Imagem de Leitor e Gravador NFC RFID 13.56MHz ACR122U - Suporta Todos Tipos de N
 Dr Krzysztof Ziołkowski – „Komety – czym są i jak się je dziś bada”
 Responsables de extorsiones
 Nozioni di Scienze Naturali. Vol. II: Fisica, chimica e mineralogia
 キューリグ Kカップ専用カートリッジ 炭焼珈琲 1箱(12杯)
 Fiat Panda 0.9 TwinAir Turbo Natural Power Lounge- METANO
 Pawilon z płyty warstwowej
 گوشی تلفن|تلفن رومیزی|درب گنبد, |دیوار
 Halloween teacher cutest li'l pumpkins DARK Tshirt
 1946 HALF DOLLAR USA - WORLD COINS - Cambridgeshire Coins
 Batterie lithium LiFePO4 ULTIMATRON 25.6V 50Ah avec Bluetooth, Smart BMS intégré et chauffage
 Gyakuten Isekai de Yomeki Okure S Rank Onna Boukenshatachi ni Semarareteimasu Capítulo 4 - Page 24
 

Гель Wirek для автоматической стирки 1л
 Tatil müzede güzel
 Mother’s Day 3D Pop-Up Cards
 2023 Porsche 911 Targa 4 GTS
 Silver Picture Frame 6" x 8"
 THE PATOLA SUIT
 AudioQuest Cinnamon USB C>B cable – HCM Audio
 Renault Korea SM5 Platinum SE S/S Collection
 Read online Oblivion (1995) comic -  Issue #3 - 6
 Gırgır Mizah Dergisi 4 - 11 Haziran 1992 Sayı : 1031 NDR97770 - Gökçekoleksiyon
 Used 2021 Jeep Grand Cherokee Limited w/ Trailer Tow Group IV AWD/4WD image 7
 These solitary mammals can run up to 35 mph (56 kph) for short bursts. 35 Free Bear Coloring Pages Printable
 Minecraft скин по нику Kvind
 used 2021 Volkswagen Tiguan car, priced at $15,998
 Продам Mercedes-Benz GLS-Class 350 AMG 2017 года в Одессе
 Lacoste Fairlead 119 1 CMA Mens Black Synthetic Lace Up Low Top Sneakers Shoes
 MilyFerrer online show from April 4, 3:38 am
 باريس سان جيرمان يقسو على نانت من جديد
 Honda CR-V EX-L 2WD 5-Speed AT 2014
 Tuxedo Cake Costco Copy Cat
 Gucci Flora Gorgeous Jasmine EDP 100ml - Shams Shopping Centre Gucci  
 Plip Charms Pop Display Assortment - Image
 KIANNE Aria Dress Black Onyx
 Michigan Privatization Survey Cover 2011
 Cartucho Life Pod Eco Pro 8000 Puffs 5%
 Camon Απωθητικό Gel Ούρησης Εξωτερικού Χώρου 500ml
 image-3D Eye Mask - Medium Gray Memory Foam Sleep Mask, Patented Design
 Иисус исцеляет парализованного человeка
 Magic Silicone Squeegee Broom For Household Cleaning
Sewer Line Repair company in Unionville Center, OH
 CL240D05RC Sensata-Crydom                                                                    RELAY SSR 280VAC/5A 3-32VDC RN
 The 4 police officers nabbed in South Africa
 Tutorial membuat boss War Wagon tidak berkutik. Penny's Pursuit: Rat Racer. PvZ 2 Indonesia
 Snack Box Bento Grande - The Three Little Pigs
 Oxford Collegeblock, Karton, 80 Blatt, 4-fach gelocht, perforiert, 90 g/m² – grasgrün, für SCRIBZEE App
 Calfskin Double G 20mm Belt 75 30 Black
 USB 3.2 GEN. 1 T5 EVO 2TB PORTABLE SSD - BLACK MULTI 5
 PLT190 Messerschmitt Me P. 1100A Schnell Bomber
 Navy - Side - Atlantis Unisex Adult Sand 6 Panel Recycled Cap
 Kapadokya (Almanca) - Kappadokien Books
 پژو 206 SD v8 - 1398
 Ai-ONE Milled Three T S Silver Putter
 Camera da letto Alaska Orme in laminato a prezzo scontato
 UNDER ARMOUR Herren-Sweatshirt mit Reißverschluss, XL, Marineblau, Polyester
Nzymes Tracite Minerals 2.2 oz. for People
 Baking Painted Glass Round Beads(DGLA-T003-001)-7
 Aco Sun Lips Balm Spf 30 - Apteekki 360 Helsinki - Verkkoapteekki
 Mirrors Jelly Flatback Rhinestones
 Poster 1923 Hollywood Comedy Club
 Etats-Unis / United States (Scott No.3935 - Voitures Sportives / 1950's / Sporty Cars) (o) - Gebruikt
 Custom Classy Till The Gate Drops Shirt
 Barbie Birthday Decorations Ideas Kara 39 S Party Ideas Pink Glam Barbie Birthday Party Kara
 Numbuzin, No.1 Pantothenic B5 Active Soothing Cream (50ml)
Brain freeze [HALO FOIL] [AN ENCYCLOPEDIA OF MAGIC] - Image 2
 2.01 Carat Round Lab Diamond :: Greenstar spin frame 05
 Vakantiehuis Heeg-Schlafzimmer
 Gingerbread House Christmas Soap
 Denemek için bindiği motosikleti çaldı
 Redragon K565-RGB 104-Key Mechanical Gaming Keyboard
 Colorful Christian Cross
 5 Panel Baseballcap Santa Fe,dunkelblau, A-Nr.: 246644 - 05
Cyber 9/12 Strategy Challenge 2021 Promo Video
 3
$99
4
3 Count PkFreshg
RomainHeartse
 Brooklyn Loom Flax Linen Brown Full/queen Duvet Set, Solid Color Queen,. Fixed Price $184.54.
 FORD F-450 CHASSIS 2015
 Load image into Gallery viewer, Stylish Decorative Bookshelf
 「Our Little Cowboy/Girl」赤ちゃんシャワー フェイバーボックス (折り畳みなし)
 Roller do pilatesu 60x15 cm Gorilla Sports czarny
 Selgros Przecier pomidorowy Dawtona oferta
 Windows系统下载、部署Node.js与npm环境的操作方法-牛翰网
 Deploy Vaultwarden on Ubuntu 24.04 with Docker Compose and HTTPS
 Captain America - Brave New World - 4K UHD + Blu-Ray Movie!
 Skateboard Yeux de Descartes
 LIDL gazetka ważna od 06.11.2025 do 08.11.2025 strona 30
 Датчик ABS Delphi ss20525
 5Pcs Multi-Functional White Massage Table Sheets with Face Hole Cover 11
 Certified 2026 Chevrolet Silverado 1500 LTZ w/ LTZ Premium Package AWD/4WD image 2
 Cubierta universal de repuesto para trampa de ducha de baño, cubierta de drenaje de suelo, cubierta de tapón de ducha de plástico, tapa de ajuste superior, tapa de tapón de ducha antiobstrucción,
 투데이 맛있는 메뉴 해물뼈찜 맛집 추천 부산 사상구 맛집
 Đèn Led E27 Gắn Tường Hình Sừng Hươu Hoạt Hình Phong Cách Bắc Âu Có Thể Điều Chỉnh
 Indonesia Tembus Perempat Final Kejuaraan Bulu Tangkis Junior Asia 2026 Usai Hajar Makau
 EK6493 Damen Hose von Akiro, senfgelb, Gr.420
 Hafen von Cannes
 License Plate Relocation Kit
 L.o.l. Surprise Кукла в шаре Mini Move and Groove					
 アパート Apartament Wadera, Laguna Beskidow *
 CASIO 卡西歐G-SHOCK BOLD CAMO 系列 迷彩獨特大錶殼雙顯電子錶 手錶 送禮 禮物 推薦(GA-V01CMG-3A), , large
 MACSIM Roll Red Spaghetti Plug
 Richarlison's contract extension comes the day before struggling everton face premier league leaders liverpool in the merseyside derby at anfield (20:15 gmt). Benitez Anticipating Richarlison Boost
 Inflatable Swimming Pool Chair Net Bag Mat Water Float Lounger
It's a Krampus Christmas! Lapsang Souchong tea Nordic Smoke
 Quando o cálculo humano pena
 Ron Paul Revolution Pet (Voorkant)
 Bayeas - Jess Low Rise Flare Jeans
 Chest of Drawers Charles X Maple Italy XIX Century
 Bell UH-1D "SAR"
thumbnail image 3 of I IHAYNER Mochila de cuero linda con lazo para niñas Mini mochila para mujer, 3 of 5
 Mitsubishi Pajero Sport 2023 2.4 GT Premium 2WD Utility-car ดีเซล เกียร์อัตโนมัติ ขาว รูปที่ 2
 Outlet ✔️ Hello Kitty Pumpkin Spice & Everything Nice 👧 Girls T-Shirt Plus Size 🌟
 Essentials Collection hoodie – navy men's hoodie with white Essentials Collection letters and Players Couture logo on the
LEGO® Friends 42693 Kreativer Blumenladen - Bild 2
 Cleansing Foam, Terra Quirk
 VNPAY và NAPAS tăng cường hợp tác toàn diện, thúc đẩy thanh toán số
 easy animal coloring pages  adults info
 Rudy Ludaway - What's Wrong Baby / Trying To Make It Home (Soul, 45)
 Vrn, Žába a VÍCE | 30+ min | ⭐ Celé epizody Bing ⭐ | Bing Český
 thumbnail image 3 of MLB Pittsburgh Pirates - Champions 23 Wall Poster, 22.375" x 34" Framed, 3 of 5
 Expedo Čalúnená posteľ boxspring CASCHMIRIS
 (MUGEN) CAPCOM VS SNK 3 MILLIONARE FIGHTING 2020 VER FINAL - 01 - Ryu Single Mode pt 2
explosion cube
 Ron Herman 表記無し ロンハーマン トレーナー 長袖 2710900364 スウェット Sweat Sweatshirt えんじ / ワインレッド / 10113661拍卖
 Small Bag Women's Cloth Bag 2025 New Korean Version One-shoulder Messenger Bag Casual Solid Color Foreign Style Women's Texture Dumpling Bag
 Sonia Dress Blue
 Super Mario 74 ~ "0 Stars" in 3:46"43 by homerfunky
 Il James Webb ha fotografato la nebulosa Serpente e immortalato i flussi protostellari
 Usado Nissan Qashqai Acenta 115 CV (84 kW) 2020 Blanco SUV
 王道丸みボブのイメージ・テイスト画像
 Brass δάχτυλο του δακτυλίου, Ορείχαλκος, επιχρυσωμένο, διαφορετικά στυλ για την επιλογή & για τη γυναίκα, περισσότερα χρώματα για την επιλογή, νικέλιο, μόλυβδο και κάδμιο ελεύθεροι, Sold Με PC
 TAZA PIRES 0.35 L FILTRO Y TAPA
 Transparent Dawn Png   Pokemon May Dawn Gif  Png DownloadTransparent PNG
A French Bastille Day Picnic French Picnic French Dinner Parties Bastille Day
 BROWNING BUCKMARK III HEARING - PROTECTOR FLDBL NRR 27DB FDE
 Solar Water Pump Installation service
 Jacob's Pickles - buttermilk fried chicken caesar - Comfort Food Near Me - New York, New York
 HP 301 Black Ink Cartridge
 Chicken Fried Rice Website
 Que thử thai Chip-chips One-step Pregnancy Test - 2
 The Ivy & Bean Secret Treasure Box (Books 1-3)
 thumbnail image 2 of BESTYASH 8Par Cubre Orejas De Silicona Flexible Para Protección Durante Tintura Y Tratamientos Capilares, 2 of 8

_WORK REQUEST:_ Copy the records above exactly, beginning at the line that contains "Halloween teacher cutest" and stopping after the line that contains "باريس سان جيرمان يقسو على نانت من جديد".

_ANSWER SECTION:_
 Halloween teacher cutest li'l pumpkins DARK Tshirt
 1946 HALF DOLLAR USA - WORLD COINS - Cambridgeshire Coins
 Batterie lithium LiFePO4 ULTIMATRON 25.6V 50Ah avec Bluetooth, Smart BMS intégré et chauffage
 Gyakuten Isekai de Yomeki Okure S Rank Onna Boukenshatachi ni Semarareteimasu Capítulo 4 - Page 24
 

Гель Wirek для автоматической стирки 1л
 Tatil müzede güzel
 Mother’s Day 3D Pop-Up Cards
 2023 Porsche 911 Targa 4 GTS
 Silver Picture Frame 6" x 8"
 THE PATOLA SUIT
 AudioQuest Cinnamon USB C>B cable – HCM Audio
 Renault Korea SM5 Platinum SE S/S Collection
 Read online Oblivion (1995) comic -  Issue #3 - 6
 Gırgır Mizah Dergisi 4 - 11 Haziran 1992 Sayı : 1031 NDR97770 - Gökçekoleksiyon
 Used 2021 Jeep Grand Cherokee Limited w/ Trailer Tow Group IV AWD/4WD image 7
 These solitary mammals can run up to 35 mph (56 kph) for short bursts. 35 Free Bear Coloring Pages Printable
 Minecraft скин по нику Kvind
 used 2021 Volkswagen Tiguan car, priced at $15,998
 Продам Mercedes-Benz GLS-Class 350 AMG 2017 года в Одессе
 Lacoste Fairlead 119 1 CMA Mens Black Synthetic Lace Up Low Top Sneakers Shoes
 MilyFerrer online show from April 4, 3:38 am
 باريس سان جيرمان يقسو على نانت من جديد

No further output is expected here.